D’un coût annuel de 1, 2 milliard d’euros, la mission de transport et de distribution de la presse connaît un déficit structurel, qui s’est élevé à 414 millions d’euros en 2007 après contribution de l’État de 242 millions d’euros.
Alors que le marché du courrier va être totalement ouvert à la concurrence au 1er janvier 2011, il est nécessaire de garantir le bon exercice de cette mission de service public.
Un protocole d’accord entre l’État, la presse et La Poste a donc été signé le 23 juillet 2008 pour la période 2009-2015. Selon ses signataires, il devrait permettre de couvrir, au terme de cette période, les coûts complets du transport de la presse, les éditeurs acceptant des hausses tarifaires en moyenne de 1, 5 % à 4 % par an, La Poste s’engageant à réduire ses coûts nets attribuables au transport de la presse de 200 millions d’euros en 2015 hors inflation et l’État réduisant progressivement sa contribution annuelle de 242 millions d’euros à 180 millions d’euros entre 2009 et 2015.

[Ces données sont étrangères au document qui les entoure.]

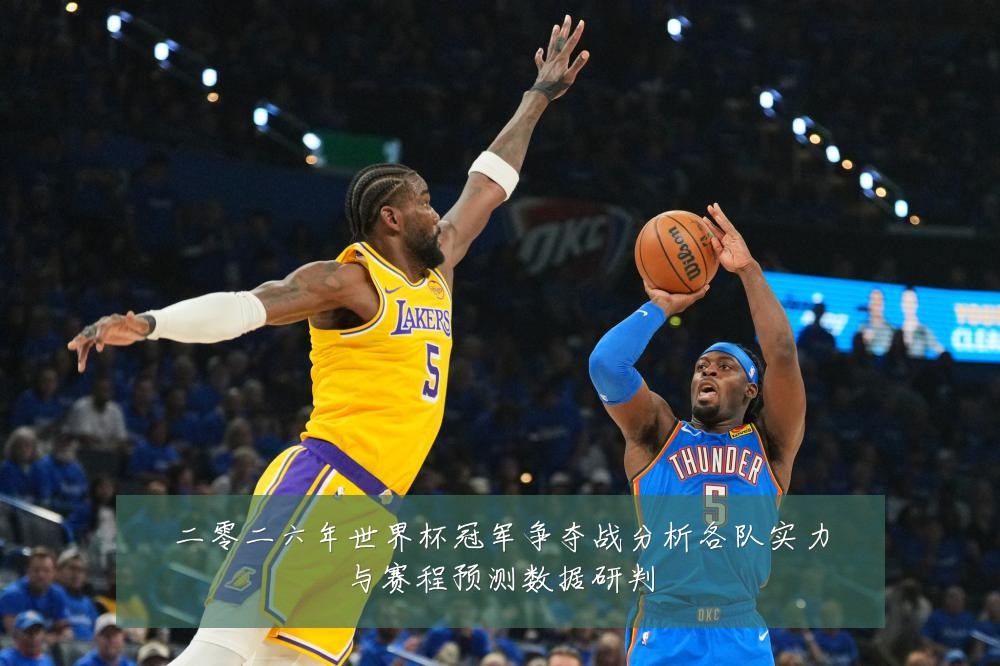 二零二六年世界杯冠军争夺战分析各队实力与赛程预测数据研判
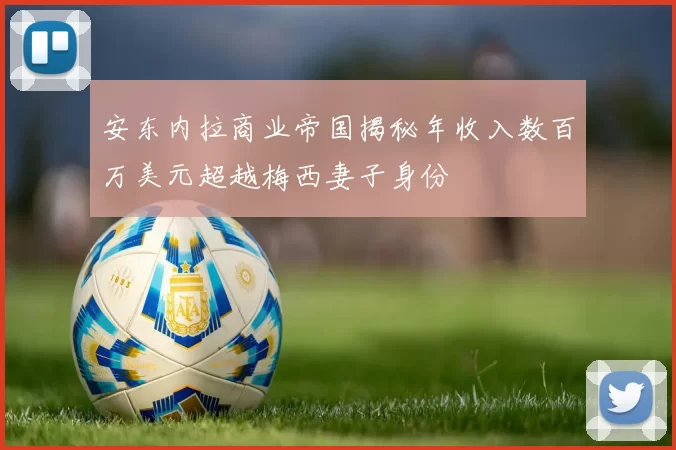 安东内拉商业帝国揭秘年收入数百万美元超越梅西妻子身份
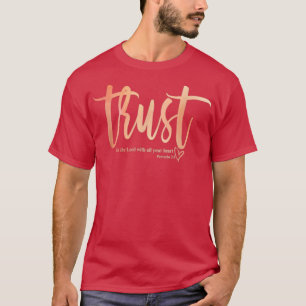 Vertrauen in Gott Christlicher Glaube Jesus Christ T-Shirt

Que faut-il penser de cet accord ?
L’optimisme affiché dans cet accord a de quoi laisser un peu dubitatif.
D’abord, je ferai un constat : l’État va réduire sa contribution.

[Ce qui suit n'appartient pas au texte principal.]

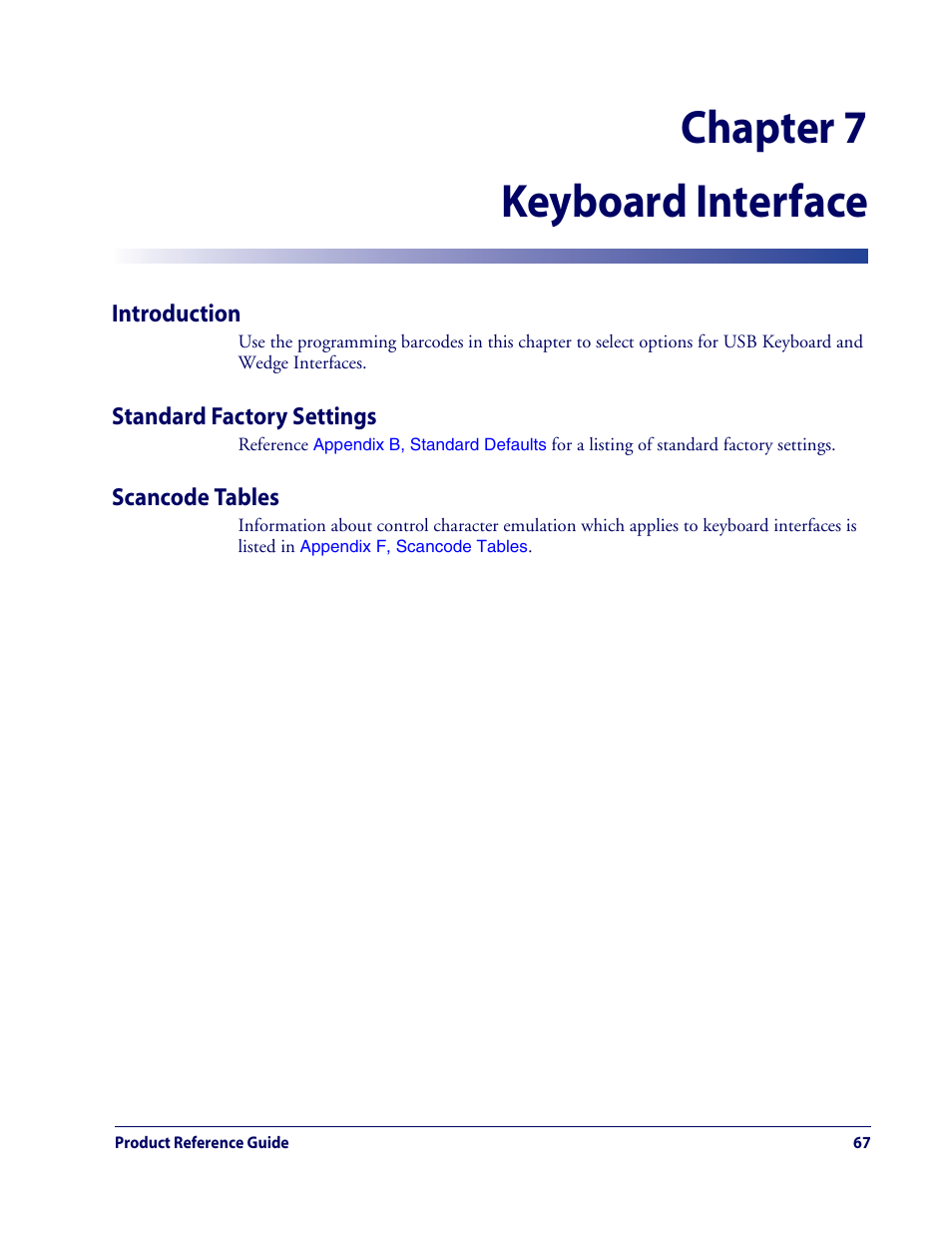 Chapter 7 keyboard interface | Datalogic Scanning QUICKSCAN QD2100 User Manual | Page 75 / 320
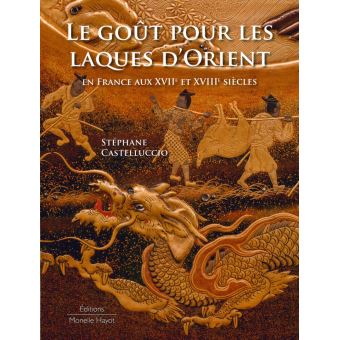 Le Goût pour les laques d'Orient
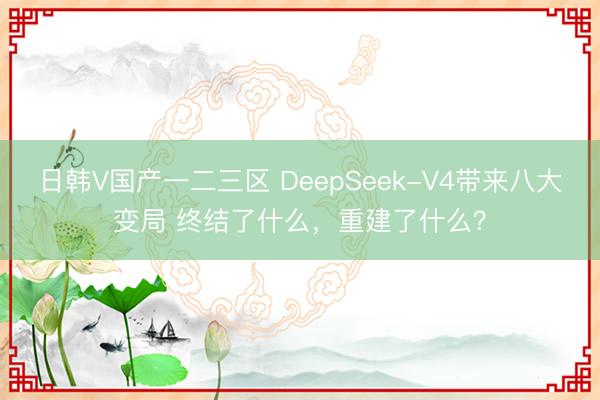 日韩V国产一二三区 DeepSeek-V4带来八大变局 终结了什么，重建了什么？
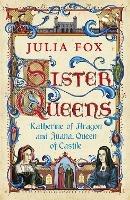 Sister Queens: Katherine of Aragon and Juana Queen of Castile - Julia Fox - cover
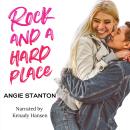Rock and a Hard Place: A YA Romance Audiobook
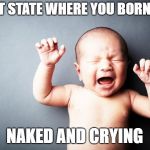 I don't get no respect. | WHAT STATE WHERE YOU BORN IN? NAKED AND CRYING | image tagged in newborn baby,crying baby | made w/ Imgflip meme maker
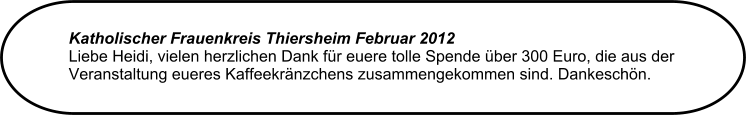 Katholischer Frauenkreis Thiersheim Februar 2012  Liebe Heidi, vielen herzlichen Dank fr euere tolle Spende ber 300 Euro, die aus der Veranstaltung eueres Kaffeekrnzchens zusammengekommen sind. Dankeschn.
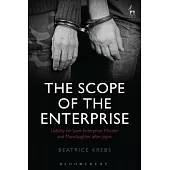 The Scope of the Enterprise: Liability for ’’joint Enterprise’’ Murder and Manslaughter After Jogee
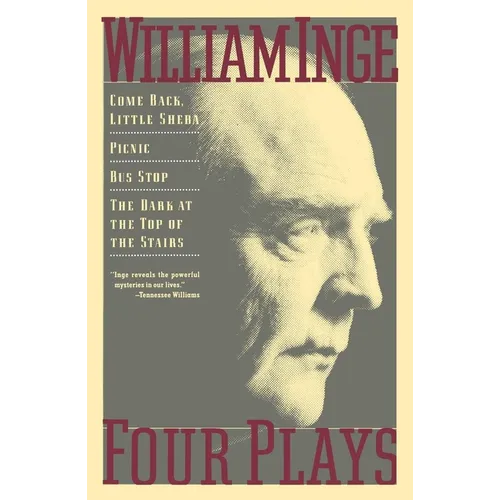 Four Plays: Come Back Little Sheba; Picnic; Bus Stop; The Dark at the Top of the Stairs - Paperback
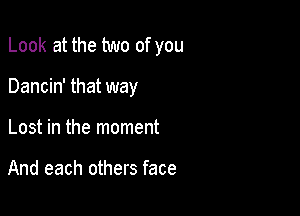 Look at the two of you

Dancin' that way

Lost in the moment

And each others face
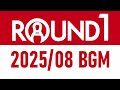 ROUND1 2025/08 BGM ラウンドワン 2025年8月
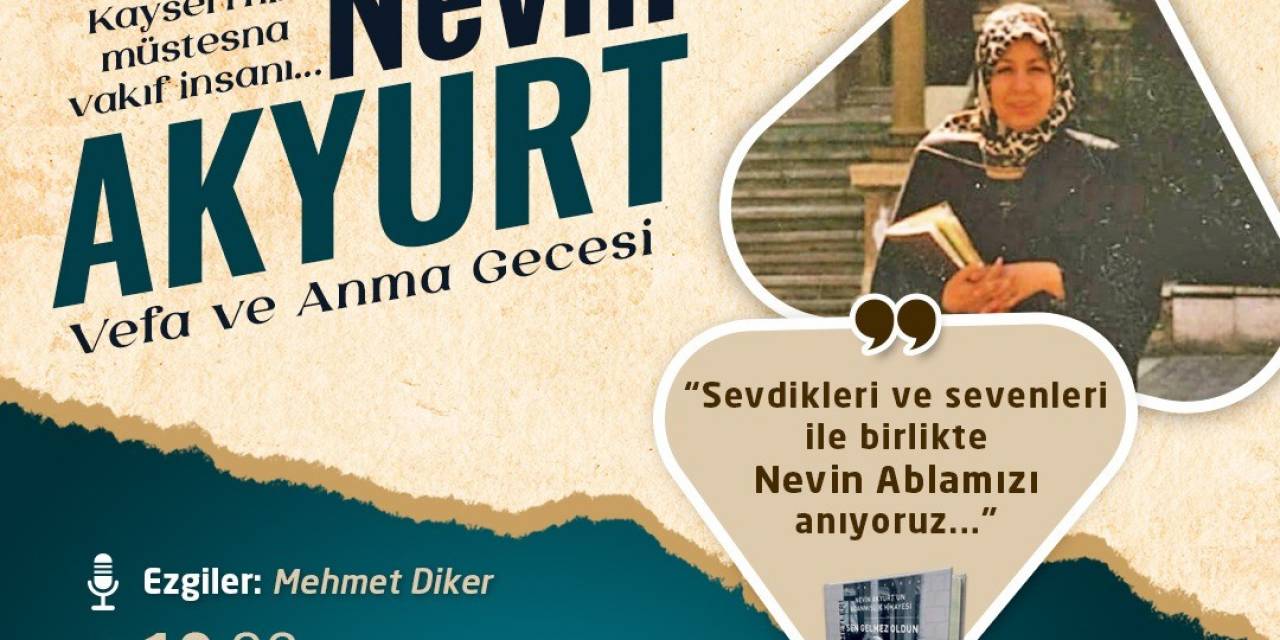Kayseri’de Nevin Akyurt Anılacak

Ensuite, comment ne pas s’interroger sur les conséquences de l’importante revalorisation des tarifs postaux et son incidence sur des éditeurs dont certains titres de presse connaissent de grandes difficultés ? Faut-il se satisfaire de l’affirmation selon laquelle les tarifs de presse de La Poste demeureront parmi les plus abordables en Europe ?
Enfin, que penser de l’engagement pris par La Poste de considérer la question du déficit du transport de la presse définitivement réglée dès lors que le protocole sera intégralement appliqué et de faire son affaire, le cas échéant, de tout écart résiduel entre les coûts attribuables au transport de la presse et les recettes provenant des clients éditeurs et de la contribution de l’État ?

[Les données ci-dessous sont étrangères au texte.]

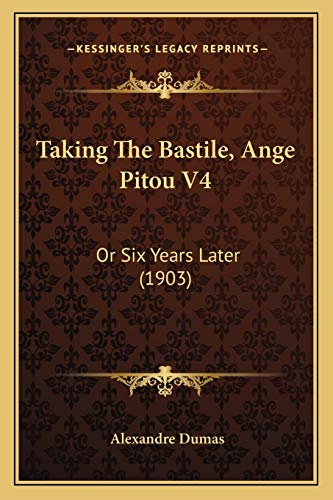 Taking The Bastile, Ange Pitou V4: Or Six Years Later (1903) (9781165134861) by Dumas, Alexandre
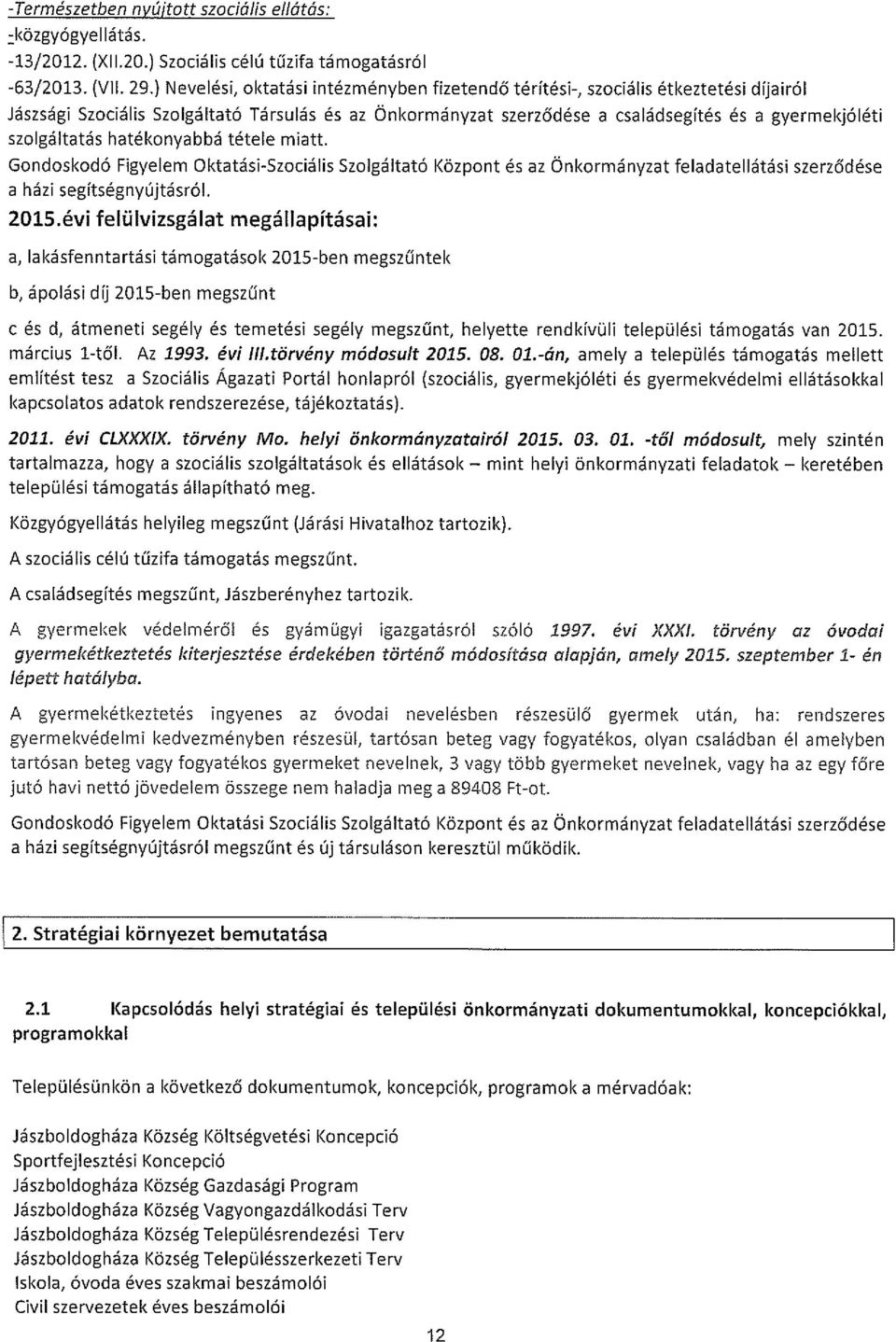 szolgáltatás hatékonyabbá tétele miatt. Gondoskodó Figyelem ktatási-szociális Szolgáltató Központ és az Önkormányzat feladatellátási szerződése a házi segítségnyújtásról. 2015.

En effet, si la question du déficit n’était pas réglée, le risque serait réel de voir La Poste, confrontée à la concurrence, réduire le champ de sa mission de transport et de distribution.
Pour éviter ce risque et contribuer à assurer l’avenir de la presse écrite, l’État doit s’engager à renforcer, si besoin est, sa contribution au transport de la presse. Nous considérons, madame la ministre, que, quoi qu’il arrive, il doit accompagner La Poste à un niveau suffisant pour garantir dans la durée l’exercice d’un droit aussi fondamental que le droit à l’information de tous les citoyens.